Re: [GHC] #11822: Pattern match checker exceeded (2000000) iterations

6 May 2016

      #11822: Pattern match checker exceeded (2000000) iterations
-------------------------------------+-------------------------------------
        Reporter:  j.waldmann        |                Owner:  gkaracha
            Type:  bug               |               Status:  new
        Priority:  normal            |            Milestone:
       Component:  Compiler          |              Version:  8.0.1-rc3
      Resolution:                    |             Keywords:
                                     |  PatternMatchWarnings
Operating System:  Unknown/Multiple  |         Architecture:  x86_64
 Type of failure:  Compile-time      |  (amd64)
  performance bug                    |            Test Case:
      Blocked By:                    |             Blocking:
 Related Tickets:                    |  Differential Rev(s):
       Wiki Page:                    |
-------------------------------------+-------------------------------------

Comment (by gkaracha):

 Apologies for the late (and long) response.
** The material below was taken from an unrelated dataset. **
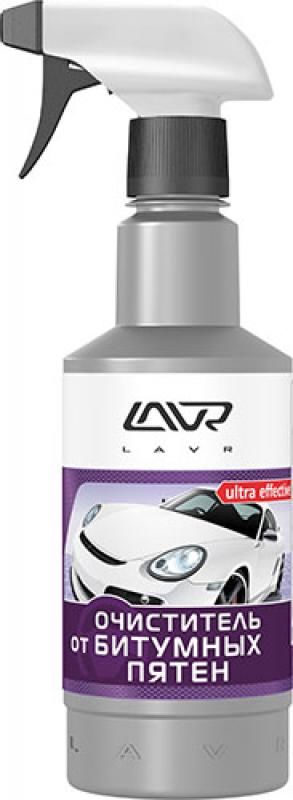 LAVR Ln1403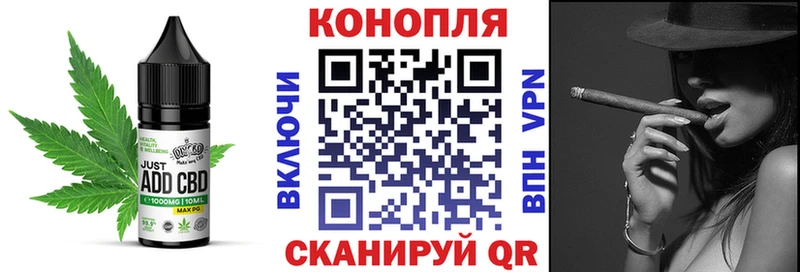 Cannafood конопля  Дно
You can find below some
 explanation about the behavior of the checker, which I hope to clear
 things out a bit.

 == Why does this example exceed the limit ==
 In principle, the match of `sameAttribute` gives rise to 161*161 = 25,921
 cases. Also, the counter takes into account the arguments too and most
 constructors have at least one.

 Yet, the most important reason that the match iterates >2000000 times is
 that **all** unmatched cases from the first clause are checked with the
 second, and the resulting ones are checked with the third, etc.

 {{{#!hs
 data T = A | B | C

 f :: T -> ()
 f A = ()
 f B = () -- (*)
 f C = ()
 }}}

 That being said, for `f` above, the second clause will be checked against
 missing cases `B` and `C`. This is a pretty small example, but in general
 this gives rise to (something like) a quadratic number of checks. That's
 why the iteration counter goes over the roof.

 == General Comments on Performance ==
 About the general performance of the algorithm, there are some things
 worth mentioning:

 1. In principle, the new checker is slower than the previous one on
 average. This makes sense because we check term and type constraints, that
 the previous checker didn't, so we have to pay something for that.
 Nevertheless, the main reason that it's slower on average is that the new
 checker checks uncovered matches eagerly, while the past checker did it
 lazily (whether the specific match has GADTs or not, the new checking
 function is in `TcM` also, to be able to call the type-checker).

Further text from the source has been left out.